With every line kept intact, print the entries that appear below.

╔══

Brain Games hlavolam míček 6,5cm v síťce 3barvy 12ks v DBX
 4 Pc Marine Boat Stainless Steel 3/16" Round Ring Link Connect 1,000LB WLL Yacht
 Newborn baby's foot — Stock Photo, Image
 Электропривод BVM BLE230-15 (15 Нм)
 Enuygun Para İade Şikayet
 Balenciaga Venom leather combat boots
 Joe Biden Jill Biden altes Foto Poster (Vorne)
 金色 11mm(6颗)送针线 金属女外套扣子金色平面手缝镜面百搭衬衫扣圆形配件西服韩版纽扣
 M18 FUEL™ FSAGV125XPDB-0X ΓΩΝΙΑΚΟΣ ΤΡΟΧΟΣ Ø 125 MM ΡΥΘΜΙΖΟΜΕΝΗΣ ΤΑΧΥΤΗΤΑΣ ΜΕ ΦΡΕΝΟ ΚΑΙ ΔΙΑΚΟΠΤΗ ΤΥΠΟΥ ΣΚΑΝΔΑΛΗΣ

╚══

■ Result of the exercise:
Brain Games hlavolam míček 6,5cm v síťce 3barvy 12ks v DBX
 4 Pc Marine Boat Stainless Steel 3/16" Round Ring Link Connect 1,000LB WLL Yacht
 Newborn baby's foot — Stock Photo, Image
 Электропривод BVM BLE230-15 (15 Нм)
 Enuygun Para İade Şikayet
 Balenciaga Venom leather combat boots
 Joe Biden Jill Biden altes Foto Poster (Vorne)
 金色 11mm(6颗)送针线 金属女外套扣子金色平面手缝镜面百搭衬衫扣圆形配件西服韩版纽扣
 M18 FUEL™ FSAGV125XPDB-0X ΓΩΝΙΑΚΟΣ ΤΡΟΧΟΣ Ø 125 MM ΡΥΘΜΙΖΟΜΕΝΗΣ ΤΑΧΥΤΗΤΑΣ ΜΕ ΦΡΕΝΟ ΚΑΙ ΔΙΑΚΟΠΤΗ ΤΥΠΟΥ ΣΚΑΝΔΑΛΗΣ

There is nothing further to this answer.